When the District Engineer becomes aware of any unauthorized activity still in progress, he must first issue a cease and desist order and then begin an investigation of the activity to ascertain facts concerning alleged violations. If the unauthorized activity has been completed he will advise the responsible party of his discovery and begin an investigation. Following his evaluation, the District Engineer may formulate recommendations on the appropriate administrative course or legal action to be taken.
The District Engineer's evaluation contains an initial determination of whether any significant adverse impacts are occurring that would require expeditious corrective measures to protect life, property, or a significant public resource. Once that determination is made, such remedial measures can be administratively ordered and a decision can be made on whether legal action is necessary. In certain cases, District Engineers, following the issuance of a cease and desist order, coordinate with state and federal resource agencies in deciding what action is appropriate. Further evaluation of the violation takes into consideration voluntary compliance with a request for remedial action.
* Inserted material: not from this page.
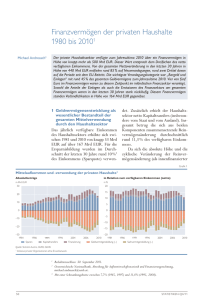 Finanzvermögen der privaten Haushalte 1980 bis 2010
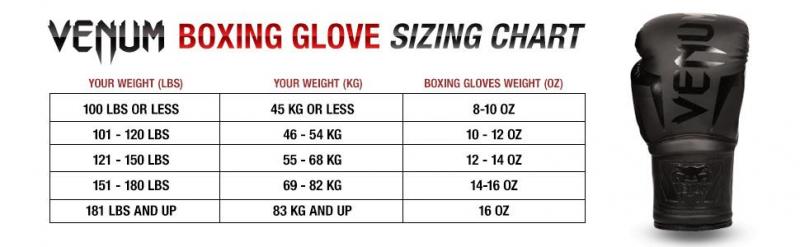 Looking to Buy The Best Boxing Gloves: Venum Challenger 3.0 Gloves Review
A permit is not required for restoration or other remedial action.
For those cases that do not require legal action and for which complete restoration has not been ordered, the Department of the Army will accept applications for after-the-fact permits. The full public interest review is deferred during the early stages of the enforcement process. A complete public interest review is conducted only if and when the District Engineer accepts an application for an after-the-fact permit.
The laws that serve as the basis for the Corps' regulatory program contain several enforcement provisions which provide for criminal, civil and administrative penalties. While the Corps is solely responsible for the initiation of appropriate legal actions pursuant to enforcement provisions relating to its Section 10 authority, the responsibility for implementing those enforcement provisions relating to Section 404 is jointly shared by the Corps and U.S. Environmental Protection Agency (USEPA). For this reason the Army has signed a Section 404 enforcement memorandum of agreement (MOA) with USEPA to ensure that the most efficient use is made of available federal resources. Pursuant to this MOA, the Corps generally assumes responsibility for enforcement actions with the exception of those relating to certain specified violations involving unauthorized activities.
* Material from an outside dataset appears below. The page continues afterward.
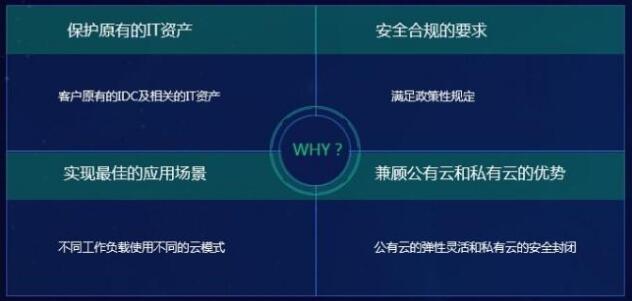 云计算培训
If a legal action is instituted against the person responsible for an unauthorized activity, an application for an after-the-fact permit cannot be accepted until final disposition of all judicial proceedings, including payment of all fees as well as completion of all work ordered by the court.
Presently about 6,000 alleged violations are processed in Corps district offices each year. The approximate breakdown by authority is: Section 10, 15 percent; Section 404, 60 percent; and Section 10/404, 25 percent.
The Corps strives to reduce violations by effective publicity, a comprehensive general permit program, and an efficient and fair evaluation of individual permit applications.